▸ Records to use
• • • •
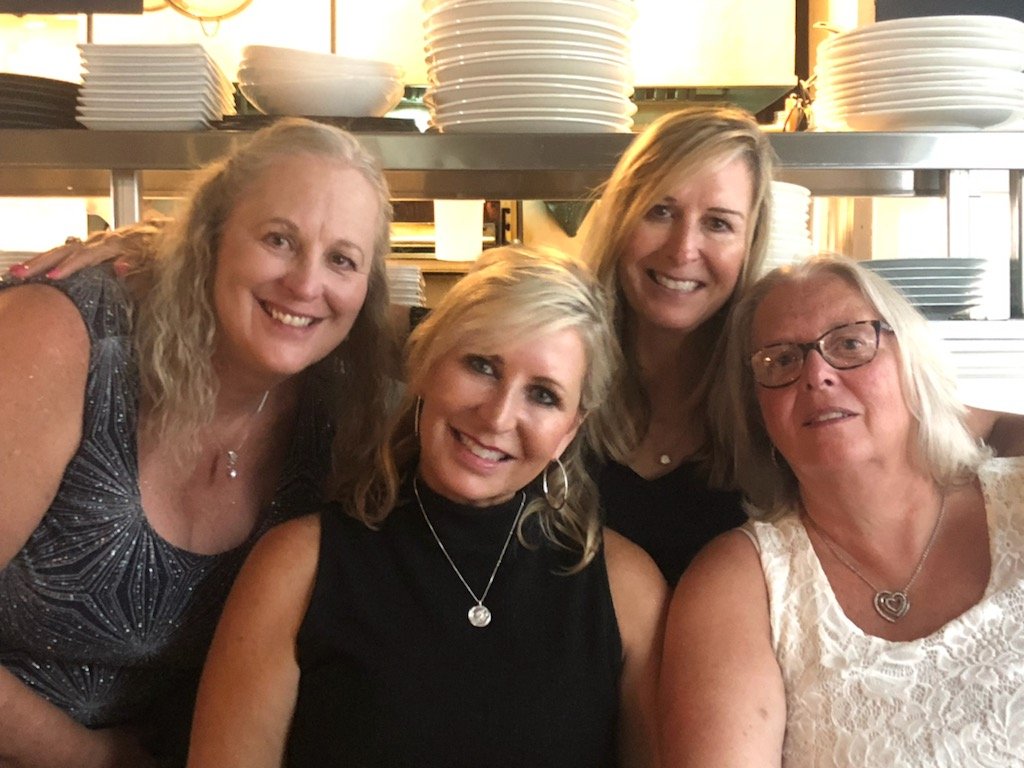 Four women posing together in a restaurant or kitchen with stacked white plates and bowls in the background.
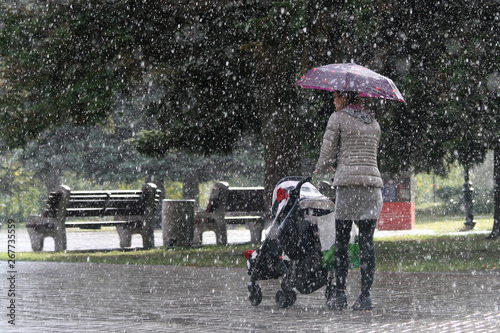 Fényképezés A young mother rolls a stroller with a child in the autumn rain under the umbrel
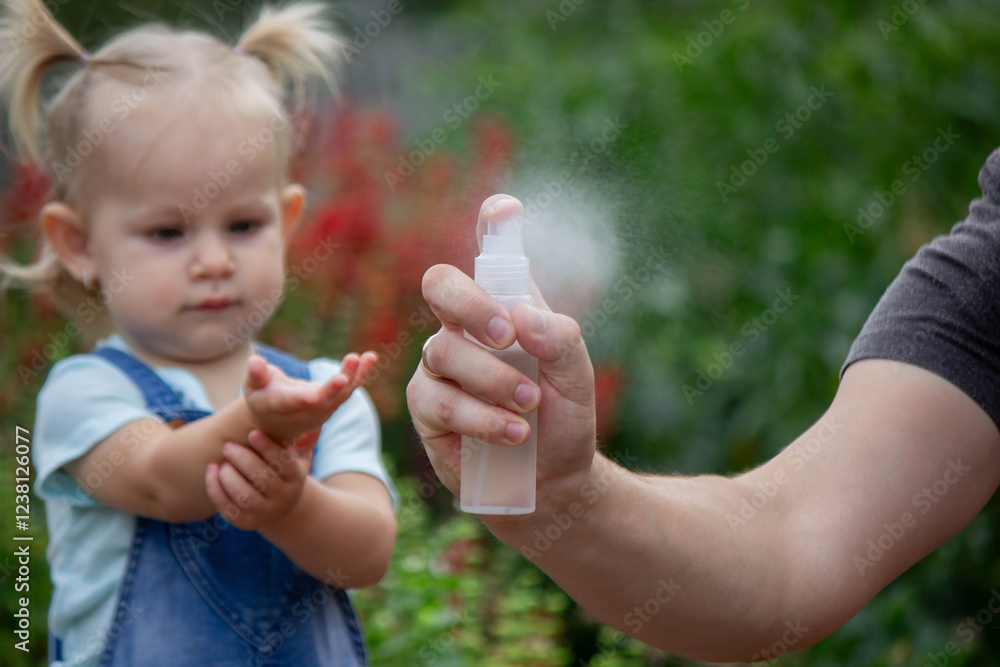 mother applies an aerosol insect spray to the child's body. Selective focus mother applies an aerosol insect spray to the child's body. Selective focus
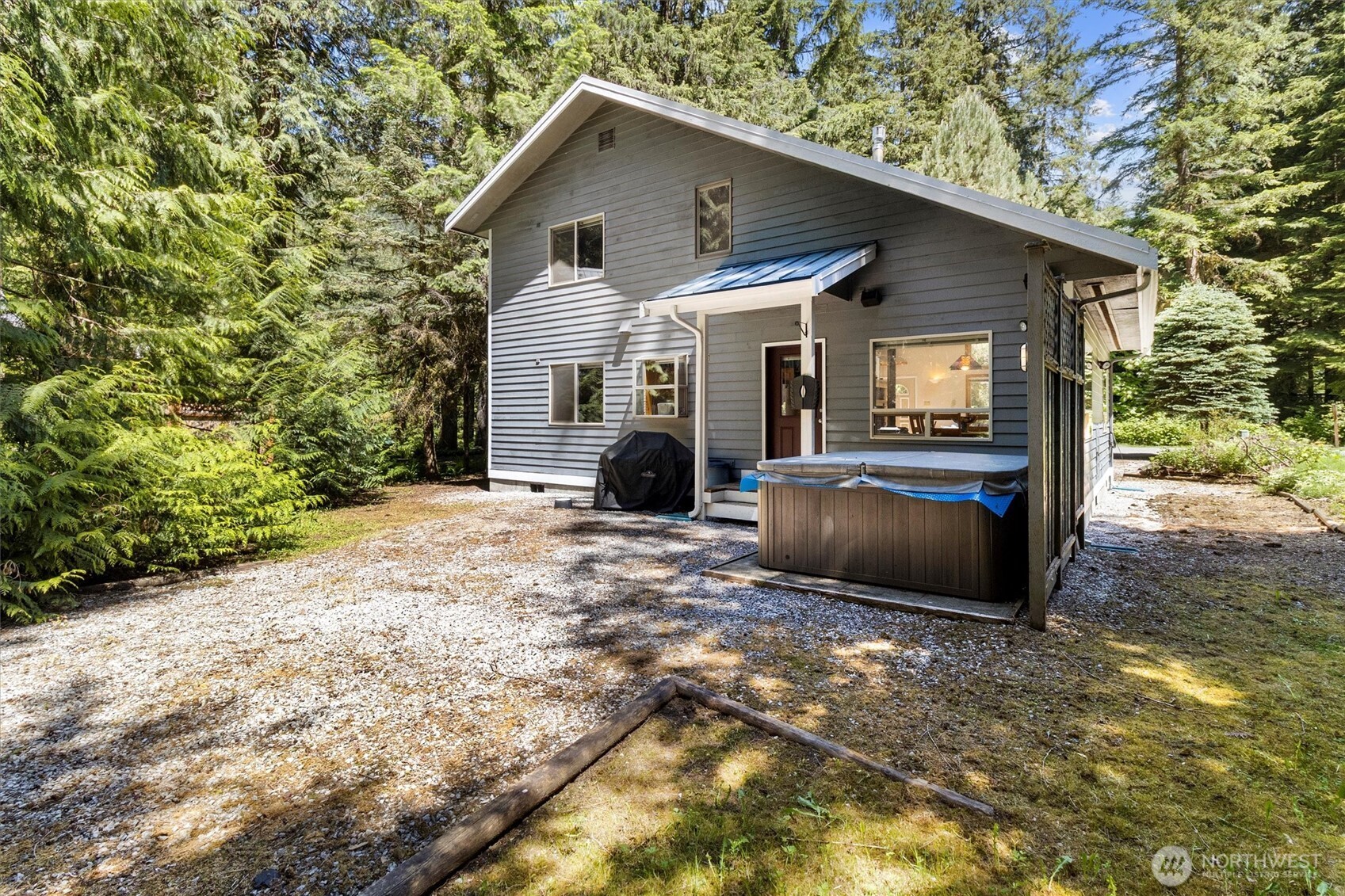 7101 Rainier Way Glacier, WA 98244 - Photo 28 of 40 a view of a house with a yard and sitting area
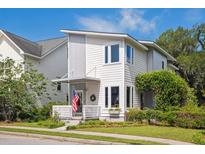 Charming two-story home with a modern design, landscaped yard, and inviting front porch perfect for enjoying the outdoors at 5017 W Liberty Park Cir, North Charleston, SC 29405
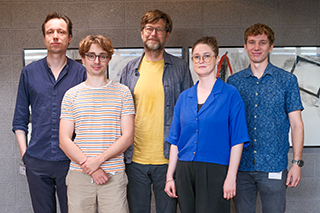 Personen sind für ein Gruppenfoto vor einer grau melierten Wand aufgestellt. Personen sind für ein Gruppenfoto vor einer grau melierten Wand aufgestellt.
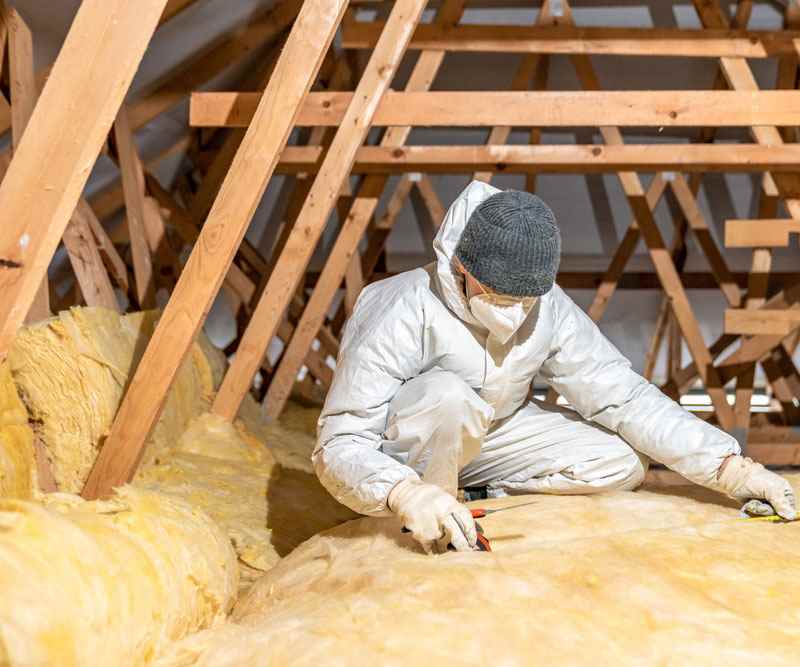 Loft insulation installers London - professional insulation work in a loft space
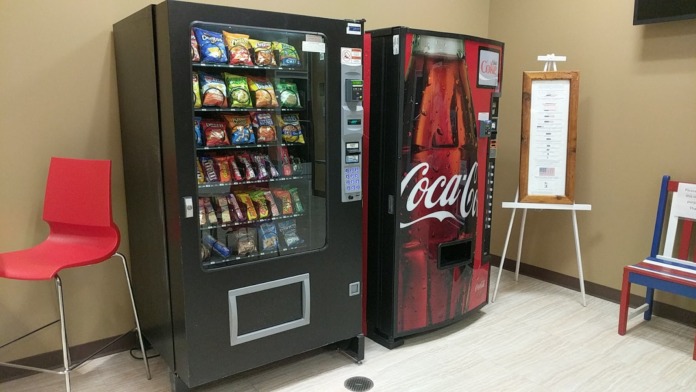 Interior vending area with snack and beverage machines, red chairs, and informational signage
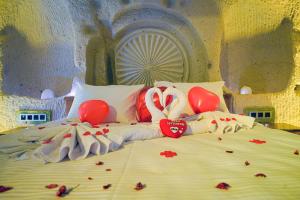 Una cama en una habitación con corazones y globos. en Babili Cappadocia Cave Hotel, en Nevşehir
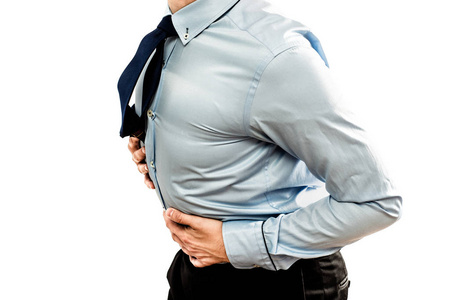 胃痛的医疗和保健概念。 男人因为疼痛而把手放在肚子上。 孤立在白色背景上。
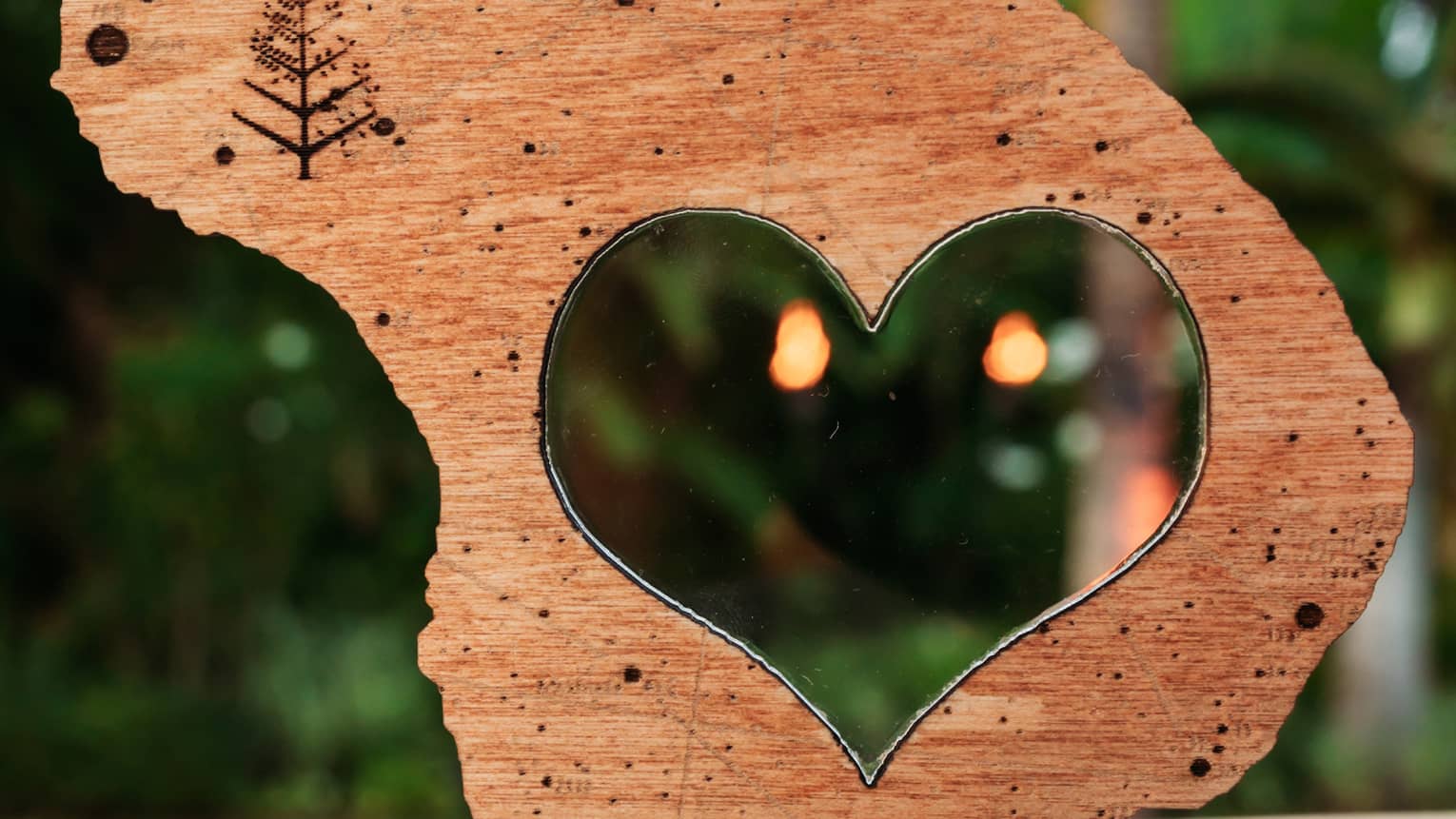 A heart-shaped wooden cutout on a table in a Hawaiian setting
• • • •
▸ Task description
Except for the pictures, set down each line of the records exactly as it appears.

▸ Exercise result
 Four women posing together in a restaurant or kitchen with stacked white plates and bowls in the background.
 Fényképezés A young mother rolls a stroller with a child in the autumn rain under the umbrel
 mother applies an aerosol insect spray to the child's body. Selective focus mother applies an aerosol insect spray to the child's body. Selective focus
 7101 Rainier Way Glacier, WA 98244 - Photo 28 of 40 a view of a house with a yard and sitting area
 Charming two-story home with a modern design, landscaped yard, and inviting front porch perfect for enjoying the outdoors at 5017 W Liberty Park Cir, North Charleston, SC 29405
 Personen sind für ein Gruppenfoto vor einer grau melierten Wand aufgestellt. Personen sind für ein Gruppenfoto vor einer grau melierten Wand aufgestellt.
 Loft insulation installers London - professional insulation work in a loft space
 Interior vending area with snack and beverage machines, red chairs, and informational signage
 Una cama en una habitación con corazones y globos. en Babili Cappadocia Cave Hotel, en Nevşehir
 胃痛的医疗和保健概念。 男人因为疼痛而把手放在肚子上。 孤立在白色背景上。
 A heart-shaped wooden cutout on a table in a Hawaiian setting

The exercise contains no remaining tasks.